Nothing but the text of the listing, repeated exactly, belongs in the answer; leave the images out.

> **Dataset section**
= = = = = = =

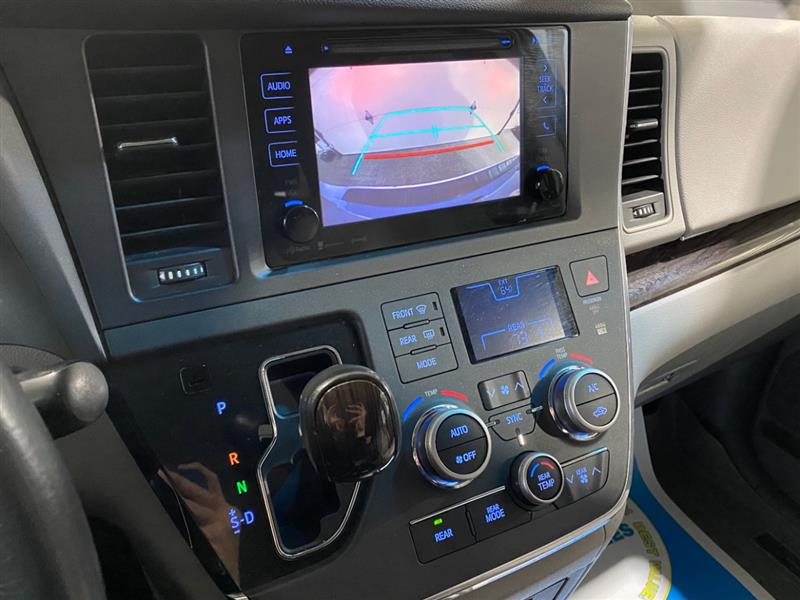 Toyota Sienna XLE 8-Passenger 2017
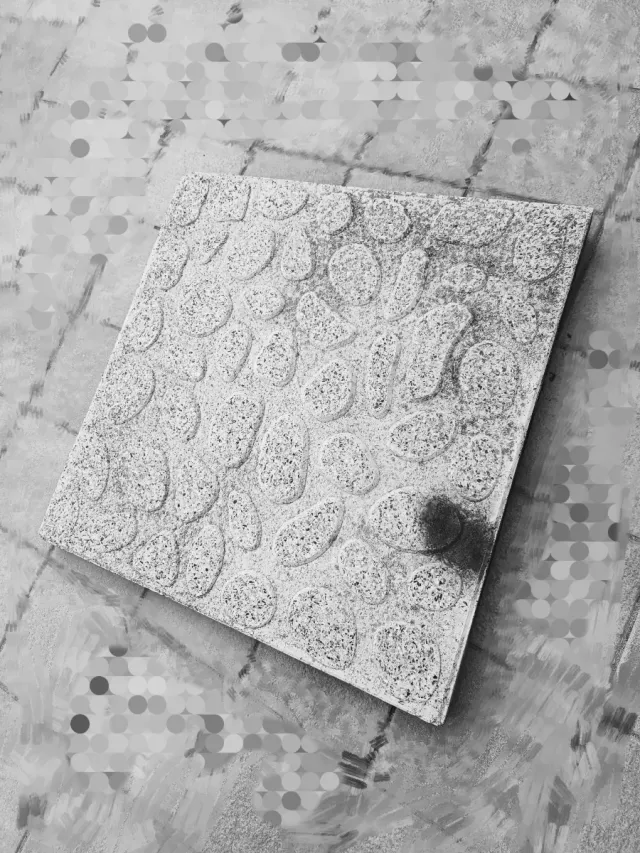 N 4 Piastre ombrellone sassi grandi 50x50x4hcm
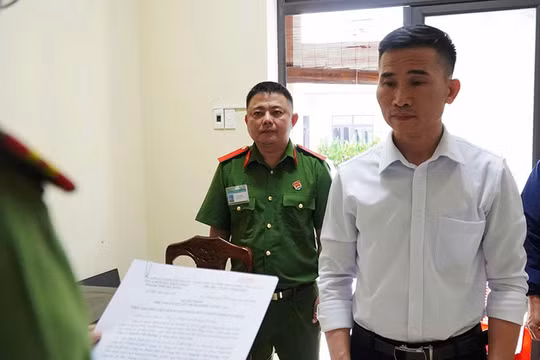 Bị can Nguyễn Văn Hoàng (áo trắng), chủ Công ty TNHH SXKD Phương Nguyên.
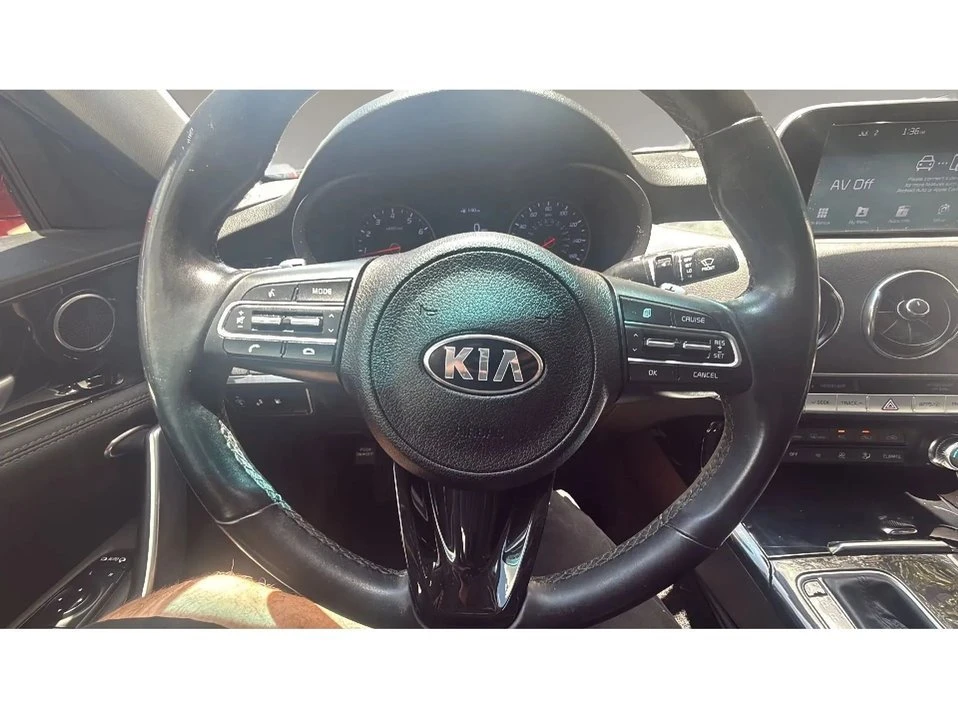 2019 Kia Stinger - Image 15 of 16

= = = = = = =

> **Response to this task**
 Toyota Sienna XLE 8-Passenger 2017
 N 4 Piastre ombrellone sassi grandi 50x50x4hcm
 Bị can Nguyễn Văn Hoàng (áo trắng), chủ Công ty TNHH SXKD Phương Nguyên.
 2019 Kia Stinger - Image 15 of 16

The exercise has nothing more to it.